Re: Switching timeline over streaming replication

From: Amit Kapila <amit(dot)kapila(at)huawei(dot)com>
To: "'Heikki Linnakangas'" <hlinnakangas(at)vmware(dot)com>
Cc: "'PostgreSQL-development'" <pgsql-hackers(at)postgreSQL(dot)org>
Subject: Re: Switching timeline over streaming replication
Date: 2012-09-28 13:08:26
Message-ID: 007701cd9d7a$59198cb0$0b4ca610$@kapila@huawei.com
Views: Raw Message | Whole Thread | Download mbox | Resend email
Thread:
Lists: pgsql-hackers

> On Tuesday, September 25, 2012 6:29 PM Heikki Linnakangas wrote:
> On 25.09.2012 10:08, Heikki Linnakangas wrote:
> > On 24.09.2012 16:33, Amit Kapila wrote:
> >> In any case, it will be better if you can split it into multiple
> patches:
> >> 1. Having new functionality of "Switching timeline over streaming
> >> replication"
> >> 2. Refactoring related changes.

> Ok, here you go. xlog-c-split-1.patch contains the refactoring of existing
code, with no user-visible changes.
> streaming-tli-switch-2.patch applies over xlog-c-split-1.patch, and
contains the new functionality.

Please find the initial review of the patch. Still more review is pending,
but I thought whatever is done I shall post

Basic stuff:
----------------------
- Patch applies OK
- Compiles cleanly with no warnings
- Regression tests pass.
- Documentation changes are mostly fine.
- Basic replication tests works.

Testing
---------
Start primary server
Start standby server
Start cascade standby server

Stopped the primary server

Promoted the standby server with ./pg_ctl -D data_repl promote

In postgresql.conf file
archive_mode = off

The following logs are observing in the cascade standby server.

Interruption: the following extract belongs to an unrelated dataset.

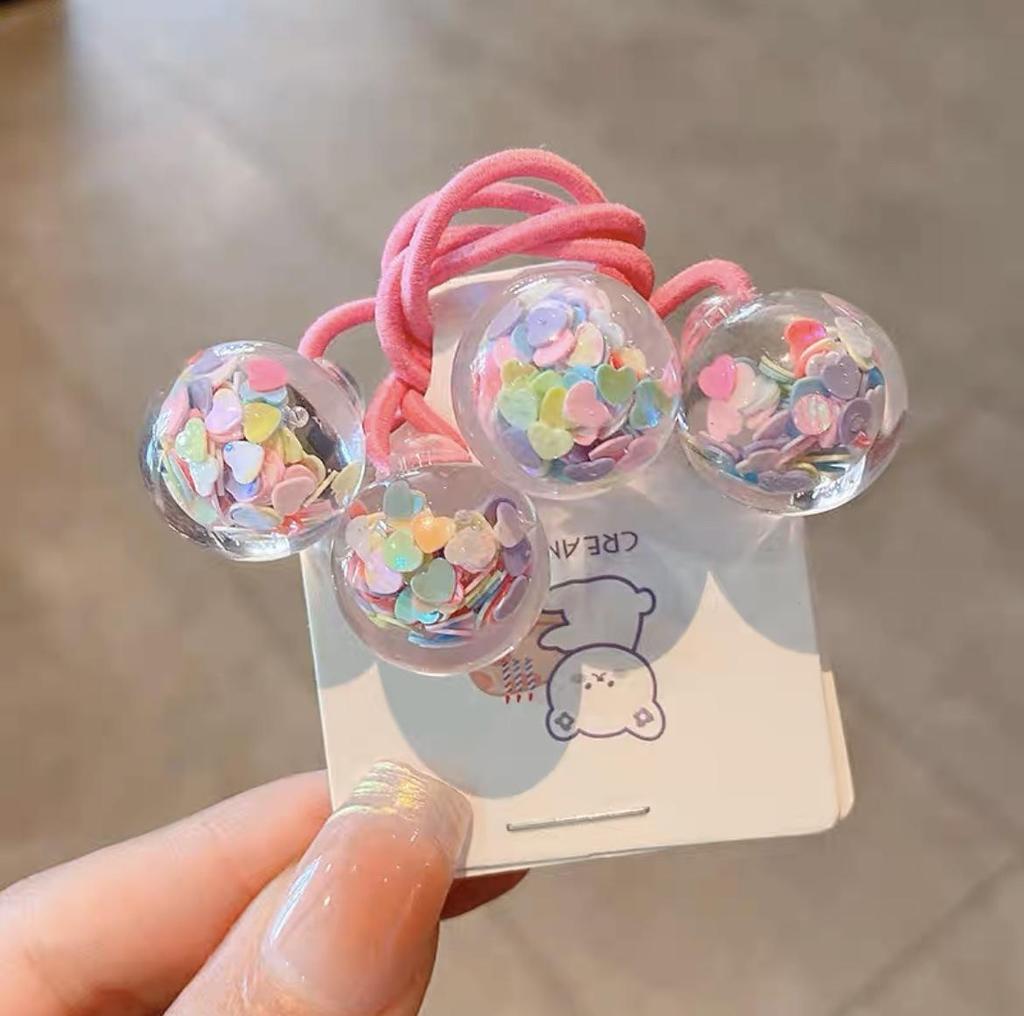 Kinder Pailletten Floral Elastische Haarbänder Gummiband Haargummi Prinzessin Kawaii Haarseil Kopfbedeckung Mädchen Kinder Haarschmuck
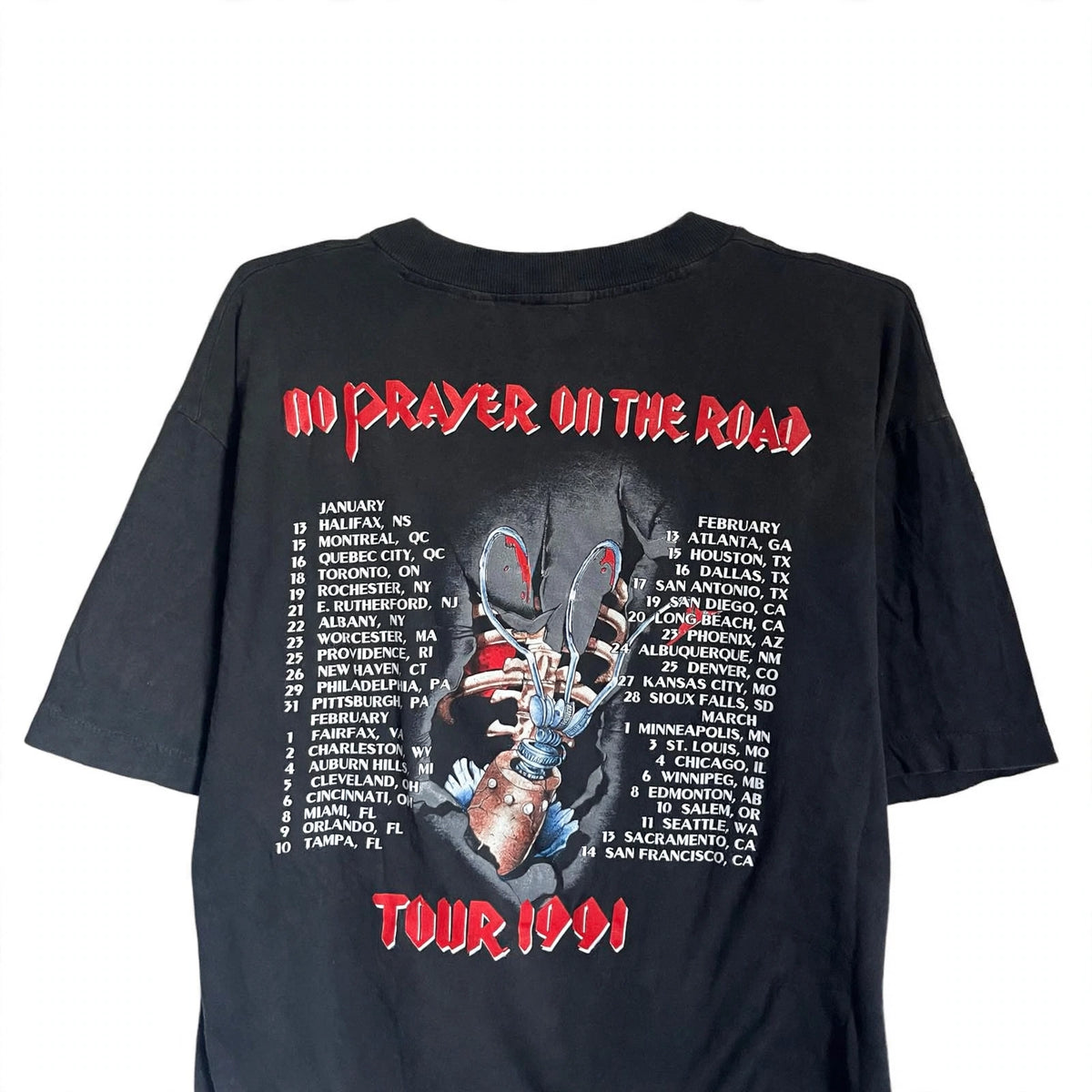 1990s IRON MADDEN “NO PRAYER ON THE ROAD” TEE (EXTRALARGE)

LOG: replication terminated by primary server
DETAIL: End of WAL reached on timeline 1
LOG: walreceiver ended streaming and awaits new instructions
LOG: record with zero length at 0/17E3888
LOG: re-handshaking at position 0/1000000 on tli 1
LOG: fetching timeline history file for timeline 2 from primary server
LOG: replication terminated by primary server
DETAIL: End of WAL reached on timeline 1
LOG: walreceiver ended streaming and awaits new instructions
LOG: re-handshaking at position 0/1000000 on tli 1
LOG: replication terminated by primary server
DETAIL: End of WAL reached on timeline 1

In postgresql.conf file
archive_mode = on

The following logs are observing in the cascade standby server.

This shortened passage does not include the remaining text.